I'm somewhat confused by this. Many of the early startups are literally just the founders, and if they find product market fit without bringing anyone on, there's nobody else to give credit to.
I've talked to a lot of seed stage startups this past year, several of them have achieved PMF and have several large customers. None of them have more than five people. If the companies didn't exist, nobody else was going to build the things (most of them) are building.
Where should you assign credit in this case?
Some of them largely eschew AI programming assistance as well.
Surely for these companies, if the founders get to several million or tens of million in revenue without hiring any more people, those people have successfully become millionaires and we can credit them as such, right? Or do you simply think this is impossible?

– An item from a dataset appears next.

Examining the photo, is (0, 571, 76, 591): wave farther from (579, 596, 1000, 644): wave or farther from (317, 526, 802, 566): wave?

> Surely for these companies, if the founders get to several million or tens of million in revenue without hiring any more people, those people have successfully become millionaires and we can credit them as such, right? Or do you simply think this is impossible?
It seems disingenuous to imply that this is what I meant.
If you can scale a startup to a billion dollar valuation on your own, that's a unique example - and I'd be surprised if anyone is against that. I actually am not sure there are any real examples of this happening, though.
The point is that there's a ceiling to how much wealth a person can create on their own. Corporate ownership structures are the only thing that allow for a person to reach hundreds of billions of dollars.
I know one of the common follow up questions is "well what is the exact number that someone should be allowed to make?" And plainly: there isn't one. That's not what these discussions are ever about. The discussion is really about attribution of credit - and that the ownership class disproportionately benefits for things that they could not have built on their own.